I am really interested in mushing and have a few questions 
What are all the types of mushing?
Is carting a type of mushing? 
Can you do none competitive mushing?
In carting do you pull people? Or only objects
Any advice for someone wanting to start?


----------



## DaySleepers (Apr 9, 2011)

In my limited knowledge:

Mushing is when you have a full team of dogs pulling some variety of traditional dog sled
Carting is when you have a single dog pulling a dog cart which typically will not be holding a person
Sulky driving is having one or two dogs pulling a specialized cart (a sulky) which can hold a single person (obviously you need dogs of a certain size and conditioning to do this one)
Joring is when you have one or more dog that helps pulling you as you also provide some of your own power: this can be just with running (also called canicross), but also with skiing, biking, kickbiking, scootering, etc. This is a good option for dogs who wouldn't otherwise be big enough to safely pull a person 100% by their own power.

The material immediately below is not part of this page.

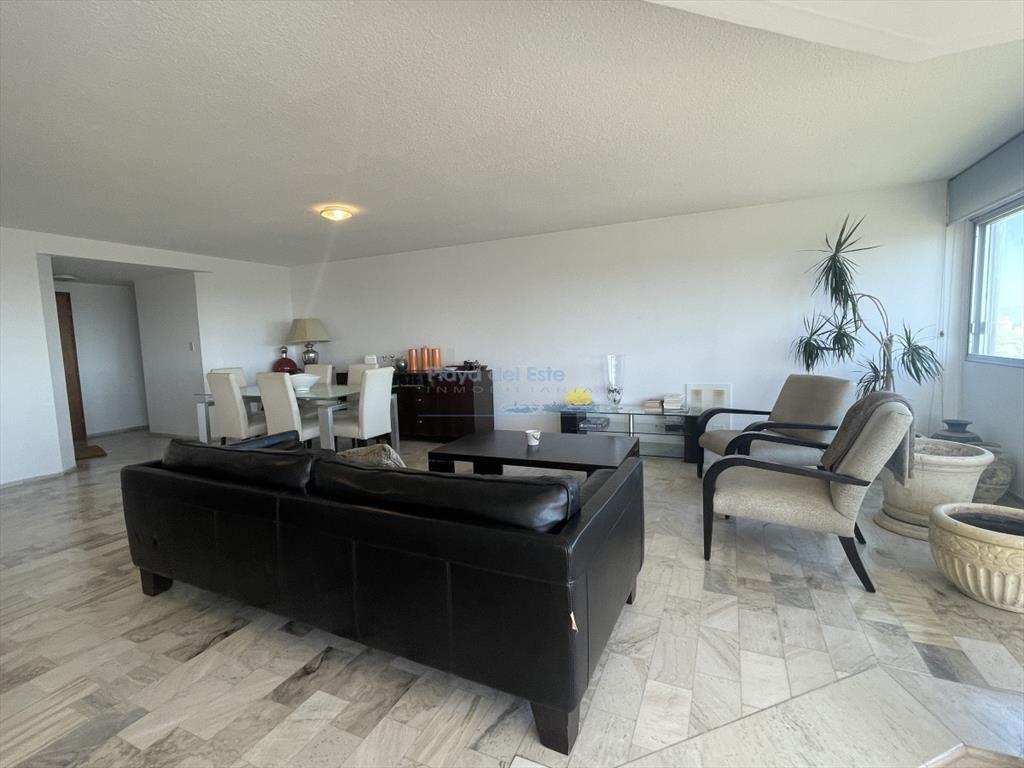 APARTAMENTO DE 3 DORMITORIOS EN VENTA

I've never done any of these sports personally, so I may have some things mixed up, but that's my general understanding of the 'dog pulling things' sports that aren't weight pull. Any of these will require a dog to be trained and conditioned carefully so they have the appropriate muscle development before they're ever expected to pull the sled/cart/etc. and all require specialized harnesses to distribute the force in a safe and effective way (but it's not a one harness fits all situation, heavier pulling with a low attachment point might require a more specialized harness with a spreader bar whereas joring harnesses are typically more lightweight).


----------



## SpotTheCat (Apr 8, 2021)

DaySleepers said:


> In my limited knowledge:
> 
> Mushing is when you have a full team of dogs pulling some variety of traditional dog sled
> Carting is when you have a single dog pulling a dog cart which typically will not be holding a person
> ...


Thank you! what I understand is mushing is any thing powered by dogs, but I am not sure if that is correct.


----------



## DaySleepers (Apr 9, 2011)

As I said, I personally have only heard it used specifically for the traditional dogsledding style with full teams, but I could be wrong. I'm also in Norway, and the people here into mushing are REALLY into mushing and probably wouldn't be pleased to have their sport compared to stuff like bikejoring, haha. 

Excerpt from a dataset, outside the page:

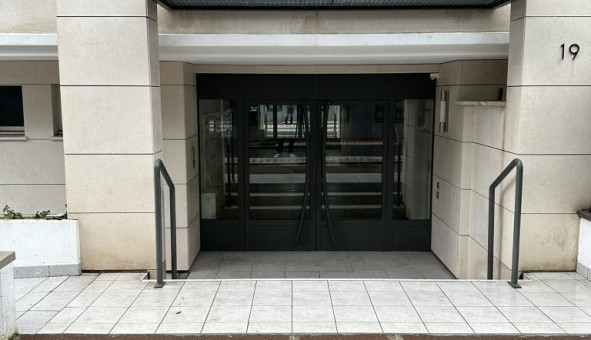 Logement �tudiant Studio &agrave; Suresnes (92150)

I will say that most of these can be done casually, and in the case of joring I'm not sure there even are competitions, it's just a fun activity with dogs. There definitely are carting/drafting competitions, but the only one that really requires you to be all in is proper dogsled mushing just due to how many animals you need to pull it off.


----------



## LeoRose (Aug 20, 2015)

Mushing generally applies to either dog sledding or dry land mushing, which uses teams of dogs to pull a sled or wheeled cart designed for off-road running.

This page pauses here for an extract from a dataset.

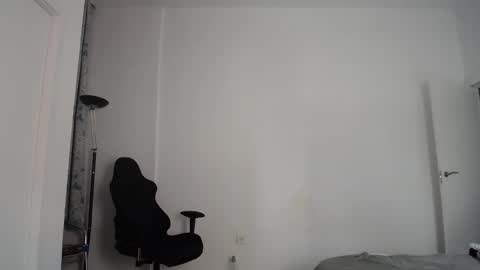 costantine helena24 online show from 11-24-25, 12:05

Carting is one or two dogs pulling a wheeled vehicle with the handler walking.

Driving is one or more dogs hitched to a cart or sulky with the handler in the vehicle.

Jorring is one or more dogs attached to a person skiing, or a bike, scooter, or the like with the person riding the vehicle.

Cani-cross is one or more dogs attached to a person who is running/walking.

Weight pull is a single dog pulling as much weight as possible for a specified distance.

A more general term that includes mushing, jorring, etc. is "pulling sports". All of them can be done casually or competitively.


----------



## parus (Apr 10, 2014)

My advice to someone who wants to get started with mushing is to work at at a dogyard in exchange for instruction, but then again, I live in Alaska and there are mushers everywhere, lol. I imagine they're less ubiquitous elsewhere.

If you wanted to buy a mushing team every spring there are bunches of them for sale here, or dropped at shelters.


----------



## SpotTheCat (Apr 8, 2021)

LeoRose said:


> Mushing generally applies to either dog sledding or dry land mushing, which uses teams of dogs to pull a sled or wheeled cart designed for off-road running.
> 
> Carting is one or two dogs pulling a wheeled vehicle with the handler walking.
> 
> ...


thank you!


parus said:


> My advice to someone who wants to get started with mushing is to work at at a dogyard in exchange for instruction, but then again, I live in Alaska and there are mushers everywhere, lol. I imagine they're less ubiquitous elsewhere.
> 
> If you wanted to buy a mushing team every spring there are bunches of them for sale here, or dropped at shelters.


I am looking at going some where to try it. Sadly there are very few places that do mushing and they are too far away for me to go frequently, so not much point to seeing if they would let me work there in exchange for instructions.


----------